Technology Blogs by SAP
Learn how to extend and personalize SAP applications. Follow the SAP technology blog for insights into SAP BTP, ABAP, SAP Analytics Cloud, SAP HANA, and more.
cancel
Showing results for 
Search instead for 
Did you mean: 
nidhi_sawhney
Advisor
Advisor
In this blog post I will discuss some of the basics needed to get things done in  SAP Data Intelligence. This is a cheat-sheet if you like for some of the frequent operations, please refer to the Product Manuals for complete information on the released versions.

With SAP Data Intelligence we often need to similar tasks in the Jupyter Lab environment and the Modeler Pipeline for executing these tasks. For most part, I will describe how to do this in both these environments. Here is a list of what we will go through in this blog post :

  1. How to access data from the native Semantic Data Lake(SDL) in Data Intelligence

  2. How to use different version of hana_ml libraries

  3. How to track model metrics

  4. How to "peek" into SAP Data Intelligence Pipelines


How to access data from the native Semantic Data Lake(SDL) in Data Intelligence


Lets say we have the following files in the DI DATA LAKE which can be uploaded or accessed via the Data Intelligence Metadata Explorer. To have access to the Metadata Explorer functionality the DI user must have the policy sap.dh.metadata assigned to them.



These csv files are all the same format and say we want to create a data frame with all the data in it from the separate files.

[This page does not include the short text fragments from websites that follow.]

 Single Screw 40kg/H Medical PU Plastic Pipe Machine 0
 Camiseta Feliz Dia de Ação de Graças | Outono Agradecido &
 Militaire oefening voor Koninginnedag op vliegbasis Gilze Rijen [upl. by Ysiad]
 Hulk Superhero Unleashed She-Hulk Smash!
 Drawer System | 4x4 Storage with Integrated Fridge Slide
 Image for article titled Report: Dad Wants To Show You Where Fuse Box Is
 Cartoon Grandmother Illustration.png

The code snippet below can be used to access the files and create a combined data frame from them.
In Jupyter Notebook

!pip install hdfs

from hdfs import InsecureClient
client = InsecureClient('http://datalake:50070')

client.status("/")
fnames=client.list('/shared/MY_CSV_FILES')

import pandas as pd
data = pd.DataFrame()
for f in fnames:
with client.read('/shared/MY_CSV_FILES/' + f, encoding='utf-8') as reader:
data_file = pd.read_csv(reader)
data = pd.concat([data_file,data])

 
In Modeler Pipeline

To access SDL files in Pipeline you can use the Read File operator which allows access to SDL directly using the Service SDL and specify the path to your file



 

How to use different version of hana_ml libraries


SAP Data Intelligence has hana_ml libraries already installed in the Jupyter Lab environment. However incase this version is not the same as you would like to use you can install the required version just as you would normally install in a JupyterLab.

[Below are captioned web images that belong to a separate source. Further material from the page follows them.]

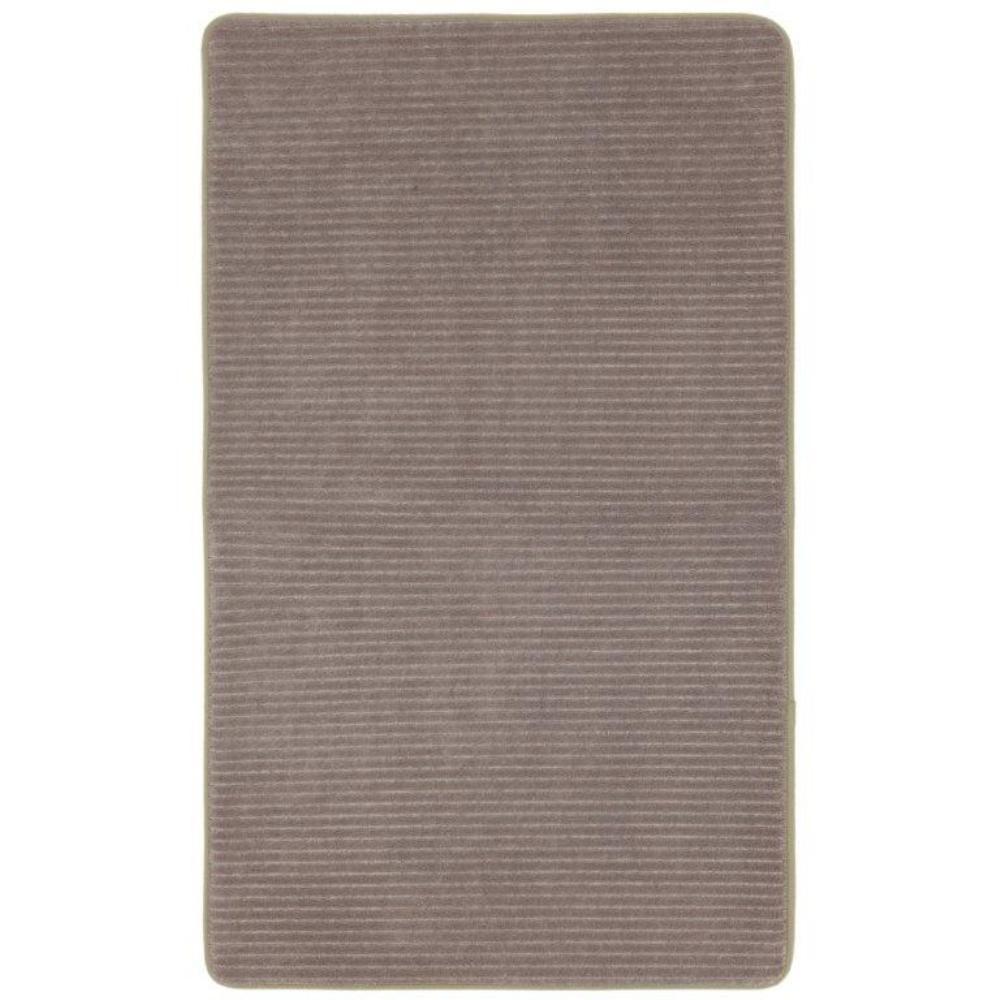 Mohawk Home Taupe 20 in. x 32 in. Microdenier Polyester Memory Foam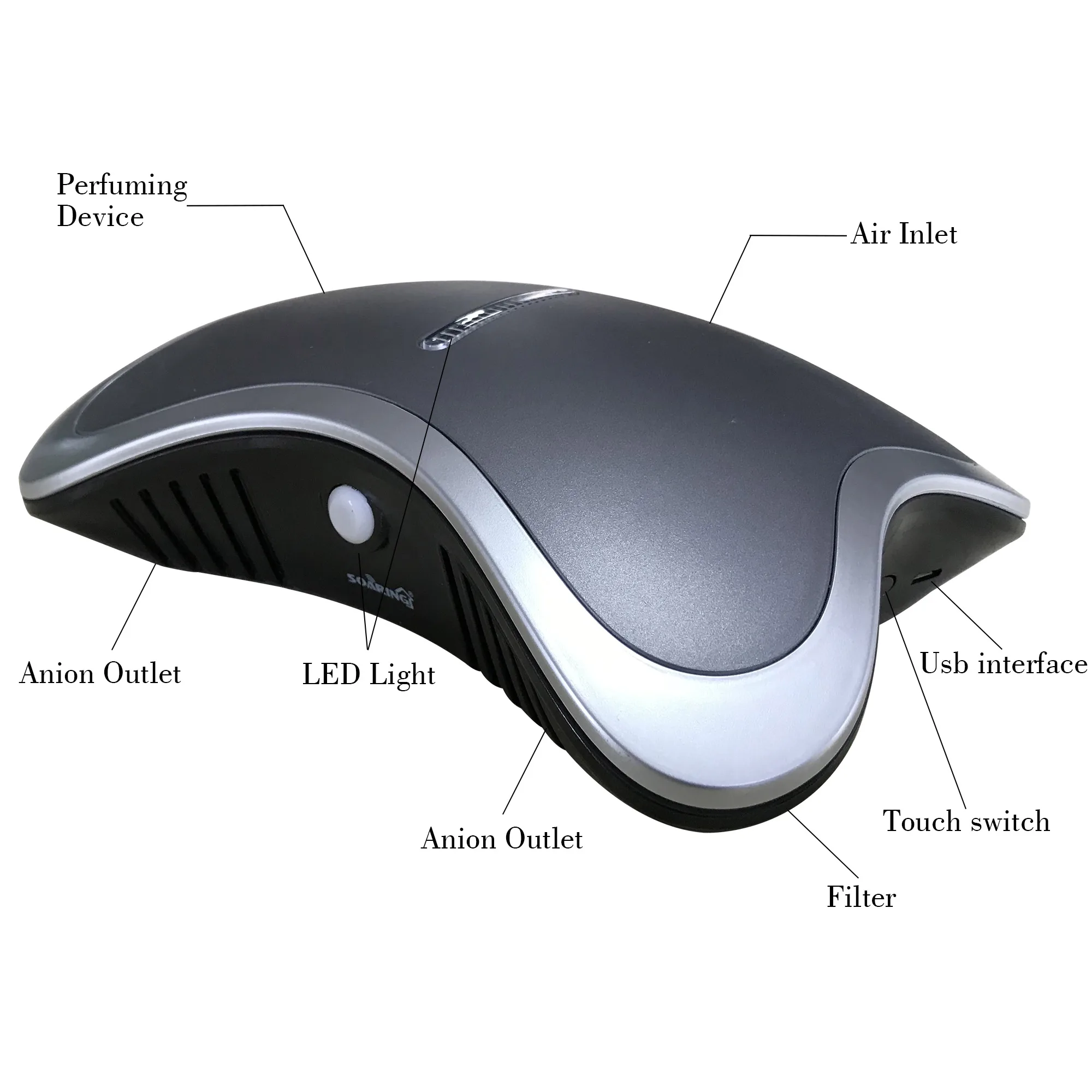 Лидер продаж, воздухоочиститель для автомобиля, китайский Автомобильный воздухоочиститель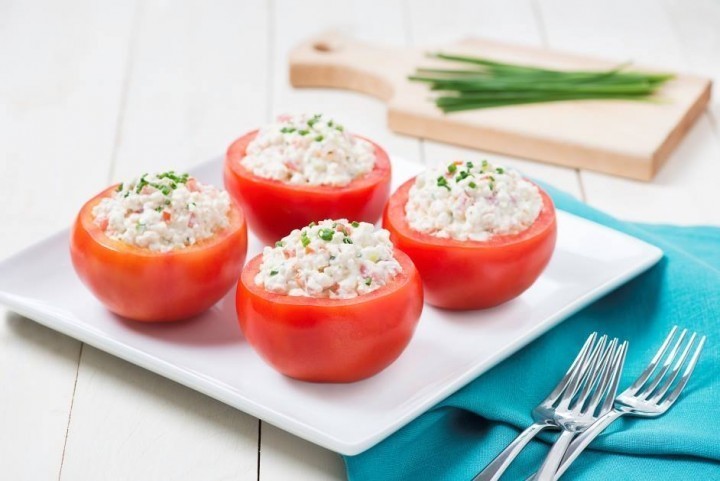 Stuffed Tomato Snacks of Amy Jessup - Recipefy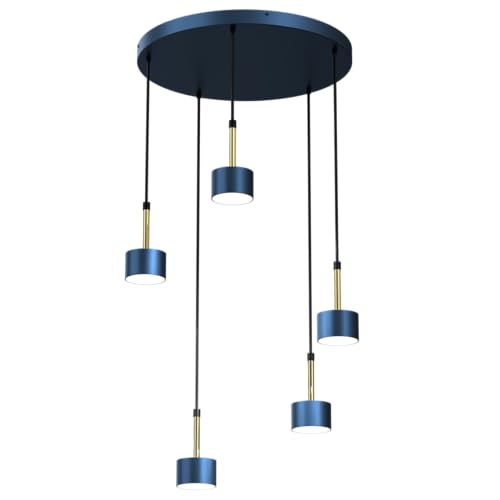 Eko-Light Milagro ARENA BLAU/GOLD 5xGX53 Pendelleuchte Deckenleuchte Deckenlampe Hängeleuchte von MILAGRO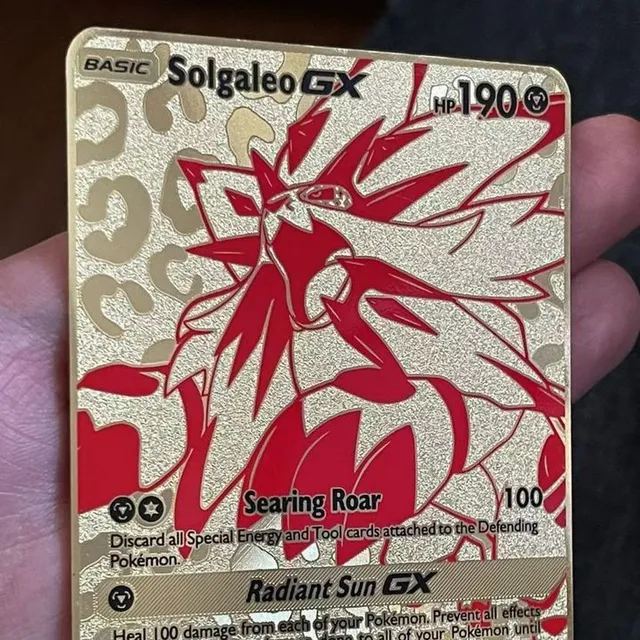 Karta kolekcjonerska pokemon - wersja metalowa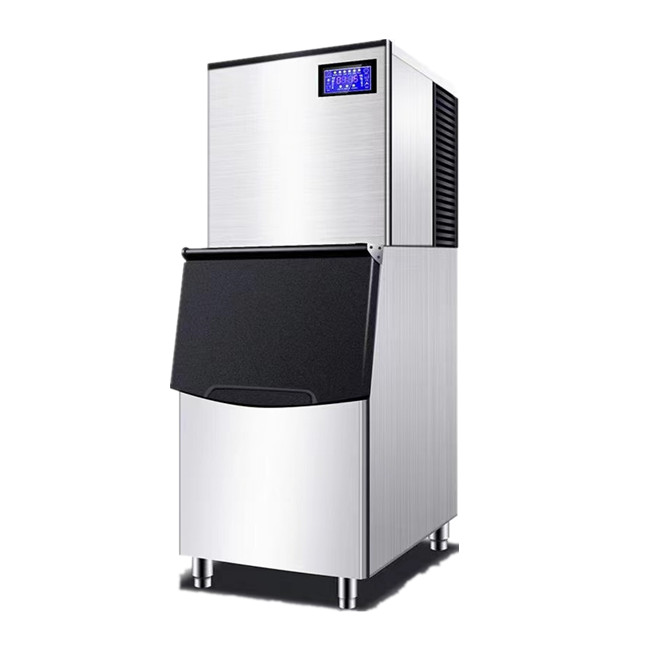 Factory price automatic cube sonic bar household upright freezer custom mold clear pellet refrigerator home ice machine maker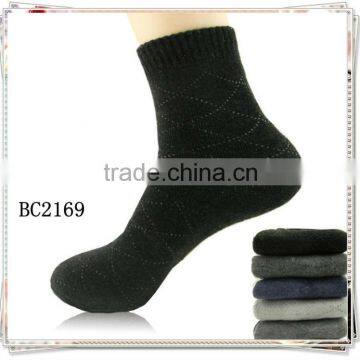 casual dress socks men's terry socks for winter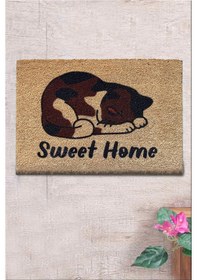 Resim Co Co Alvas 40x60 cm Doğal Ko ko Kıl paspas,Hindistan Naturel Kapı Önü Paspası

For example the current release of SAP Data Intelligence has version 1.0.5 installed in the Jupyter Lab environment. With hana_ml 1.0.7 you can use the functionality of creating a hana_ml DataFrame from a pandas dataframe, which is what I want to do with the data loaded from the SDL in the step before. In order to do this follow the following steps
In Jupyter Notebook


  1. Upload the required hana_ml library in this example hana_ml 1.0.7 in the JupyterLab

  2. Run !pip install hana_ml-1.0.7.tar.gz in a Jupyter Notebook

  3. Create a HANA dataframe from pandas dataframe
    from notebook_hana_connector.notebook_hana_connector import NotebookConnectionContext
    import hana_ml.dataframe as dataframe
    conn = NotebookConnectionContext(connectionId='CONNECTION')

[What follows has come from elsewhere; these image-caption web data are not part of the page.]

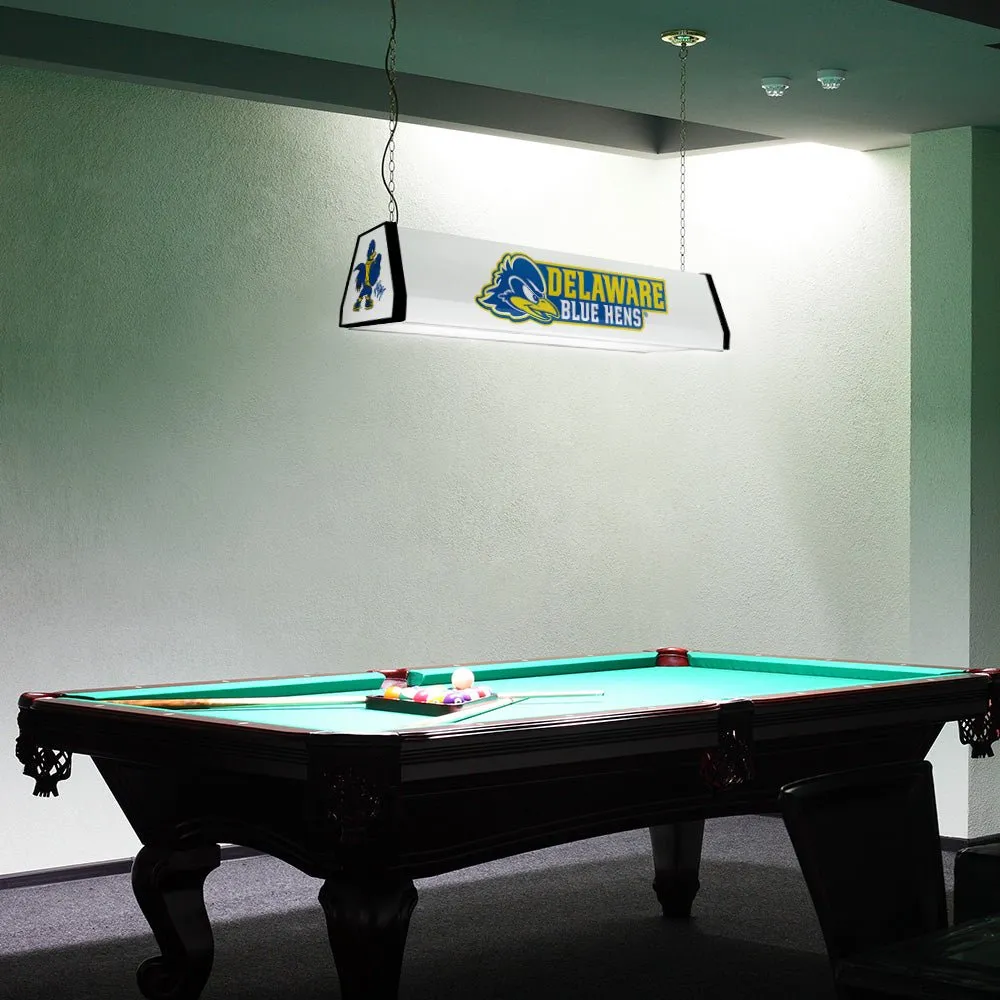Delaware Blue Hens: Logo - Standard Pool Table Light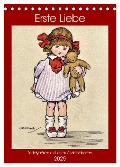 Erste Liebe - Teddybären auf alten Ansichtskarten (Tischkalender 2025 DIN A5 hoch), CALVENDO Monatskalender - Henning von Löwis of Menar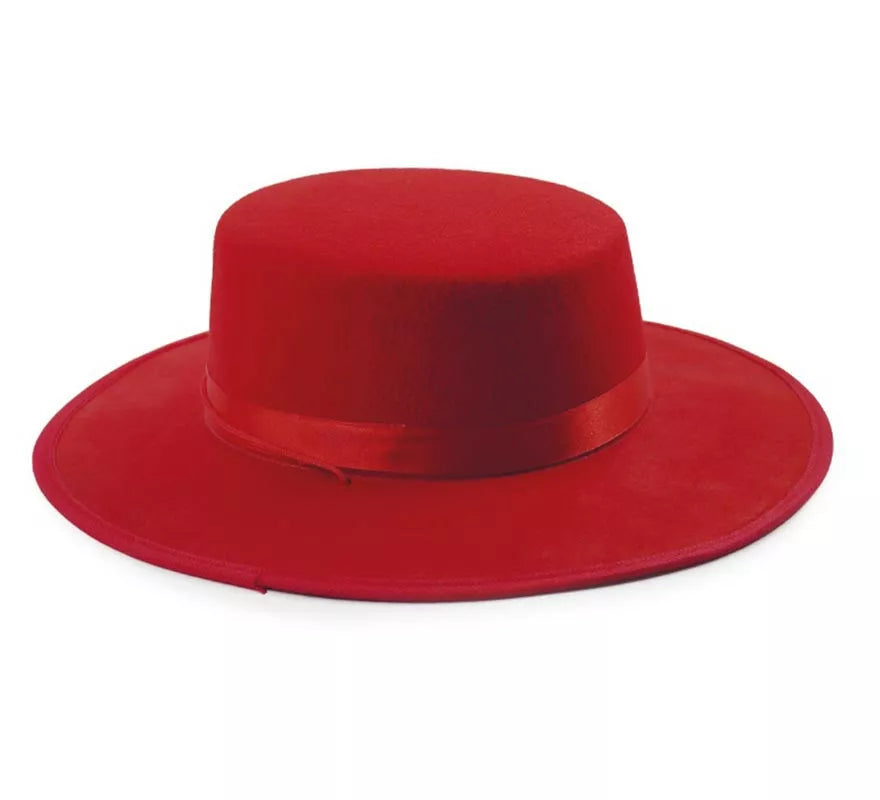 Sombrero Cordobés de fieltro rojo infantil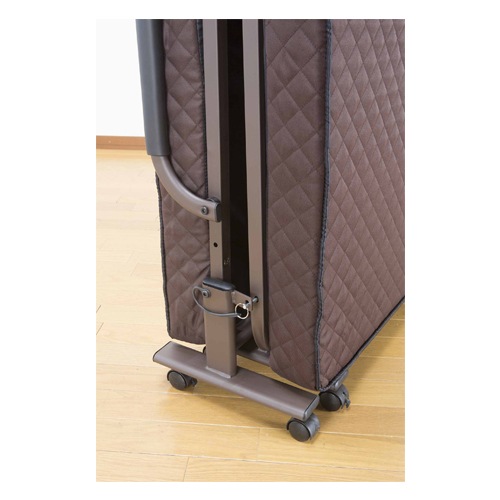 簡易的　折りたたみベット 折りたたみベッド 4つ折り 65cmx183cm 耐荷重150kg マットレス一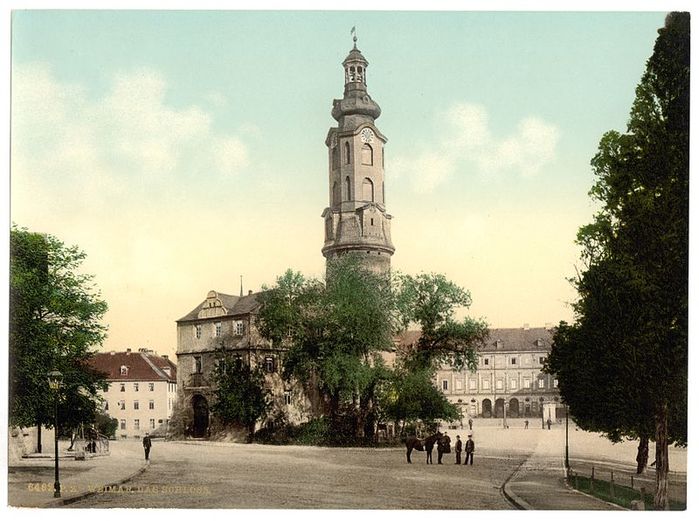 The_castle,_Weimar,_1905 (900x721, 71Kb)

    dataframe.create_dataframe_from_pandas(conn, data, "TABLE_NAME", force=True, replace=False)​



In Modeler Pipeline

The steps for creating a docker for running hana_ml are already described in this excellent blog post from Stojan Maleschlijski.

For python version 3.6 and hana_ml 1.0.7 the docker file looks like this:
FROM $com.sap.opensuse.python36

# Install the HANA_ML package
RUN mkdir /tmp/SAP_HANA_ML
#Copy the local tar file to the docker container
COPY hana_ml-1.0.7.tar.gz /tmp/SAP_HANA_ML/
#Install from the docker container
RUN python3 -m pip install /tmp/SAP_HANA_ML/hana_ml-1.0.7.tar.gz

 

How to track model metrics in SAP Data Intelligence


SAP Data Intelligence provides you the functionality to train and apply your models. As part of the training and model management you can easily track the model metrics of choice  when executing training model runs in both the Jupyter Lab and Pipeline environments.
In Jupypter Notebook via SAP Data Intelligence SDK

from hana_ml.algorithms.pal import metrics
### Test set: Quality metric (Root Mean Squared Error)
r2 = metrics.r2_score(conn, df_act_pred, label_true='ACTUALS', label_pred='PREDICTIONS')

accuracy=metrics.accuracy_score(conn, df_act_pred, label_true='ACTUALS', label_pred='PREDICTIONS')

from sapdi import tracking
run_id = tracking.start_run()
metric1 = {
'name': 'r_2',
'type': 'float',
'value': r2,
}
metric2 = {
'name': 'accuracy',
'type': 'float',
'value': accuracy,
}

metrics = [metric1,metric2]
tracking.log_metrics(metrics)

params = {
'input_size': df_test.count(),
'model': 'cart'
}

tracking.log_parameters(params)

# Mark the end of tracking
tracking.end_run() # persists the metrics at the end of the run

When the Notebook is run these metrics and parameters are available with the Notebook via the ML Scenario Manager


In Modeler Pipeline

Similar functionality can be embedded in the pipeline. This is described very nicely in great detail in the blog post from Andreas Forster.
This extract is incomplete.